The clearing was small, so the bandits were close. Not a single bowman scored a hit. There were too many bandits who popped in and out of the smoke far too quickly for them to aim at.
One of the baskets sailed over Jank’s head and hit a crossbowmen in the back.
“Bees!” Jank screamed when the basket broke open and a beehive dropped out and broke open.
Two more baskets landed, and more hives tumbled out, breaking apart on impact to send swarms of bees into the air.
“You guessed it!” Woody shouted from behind a wall of smoke. “The woods belong to the bees, the bears, and the birds, not to you and me!”

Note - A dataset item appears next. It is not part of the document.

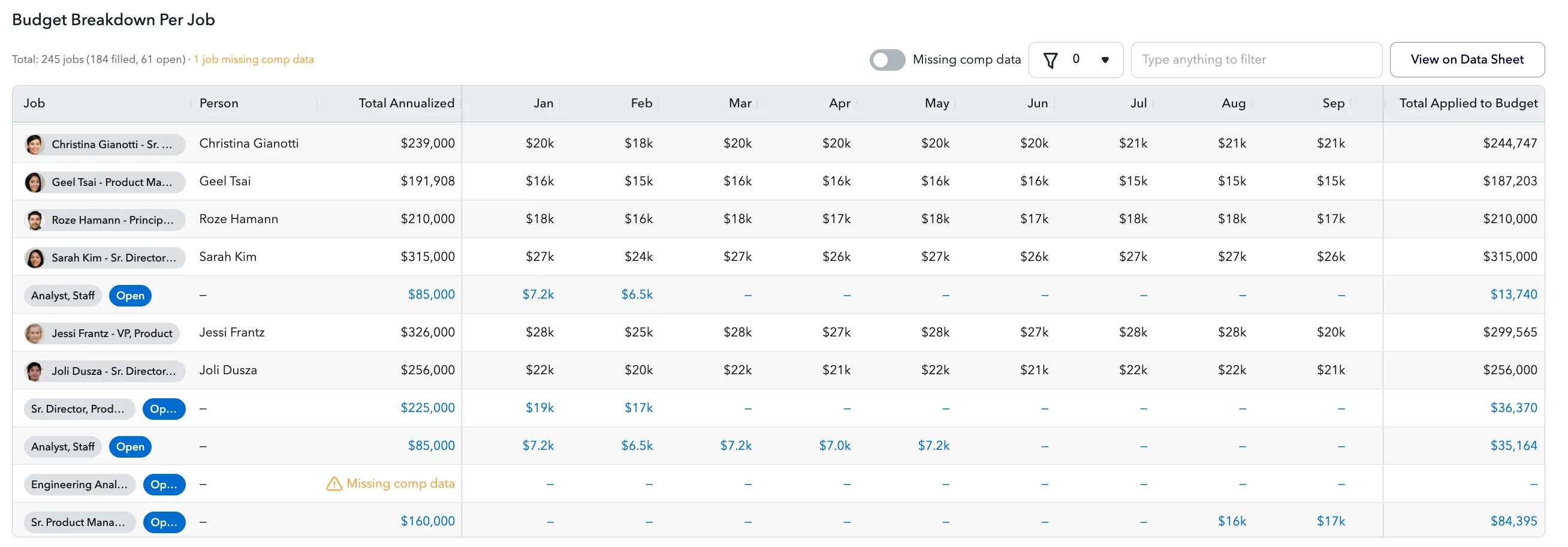 Budget Breakdown Per Job table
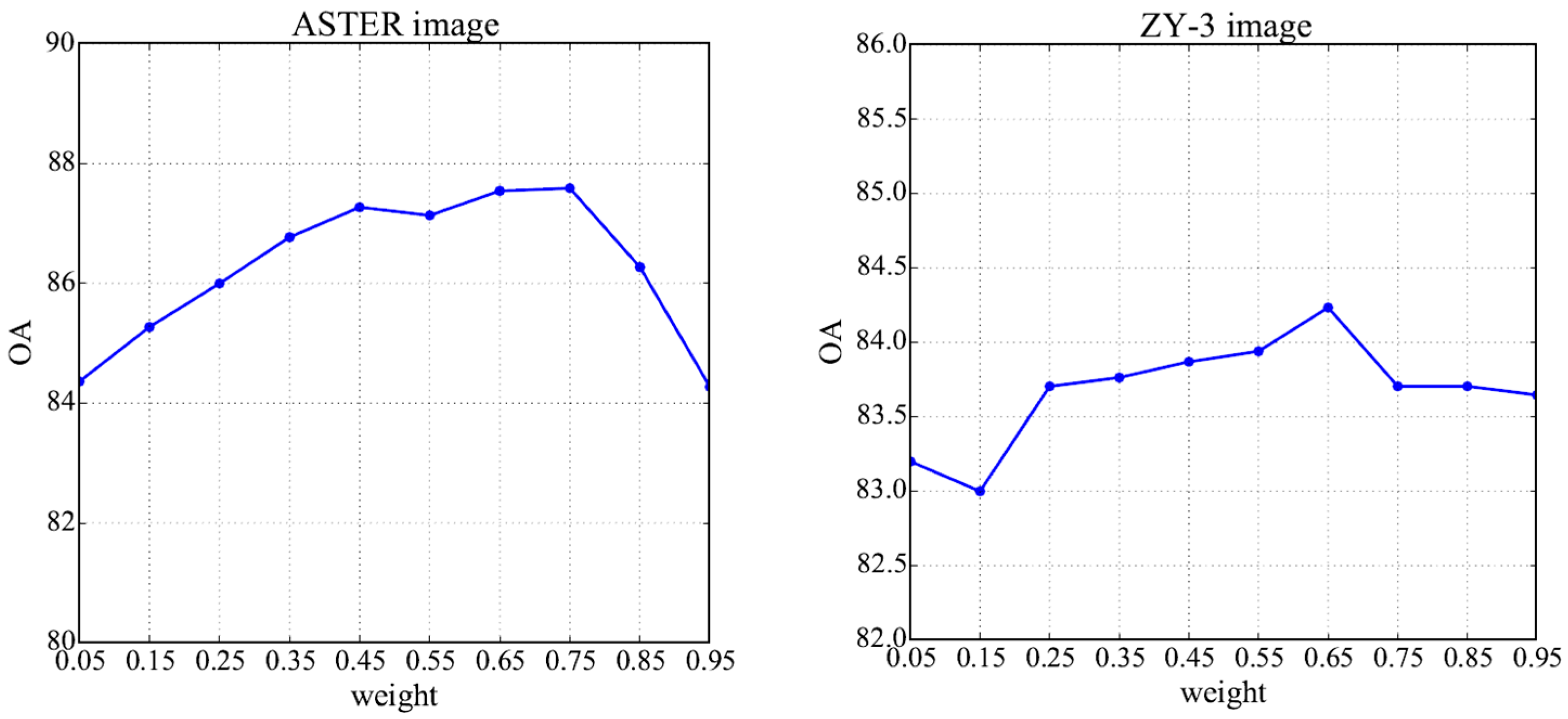 Remotesensing 10 00077 g005 Remotesensing 10 00077 g005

The air was suddenly filled with the sound of buzzing and screaming men.
“It’s only bees, you cowardly fools!” Jank screamed.
Laughter peeled from the woods behind the smoke.
“Not just bees,” Woody shouted from a different location.
“Look!” someone screeched.
Black clouds rose up from the fallen logs in the middle of the field. “Hornets!”
“We’re covered in dead hornets!” Dan shrieked.
In seconds, the hornets were everywhere. Men being stung smashed bees on their armor, which only drew bee attacks. The beehives in hornet territory seemed to fill every insect with rage.
The hornet goo drew hornet attacks. Jank was soon stung around his eyes, hands, and face—anywhere skin was exposed.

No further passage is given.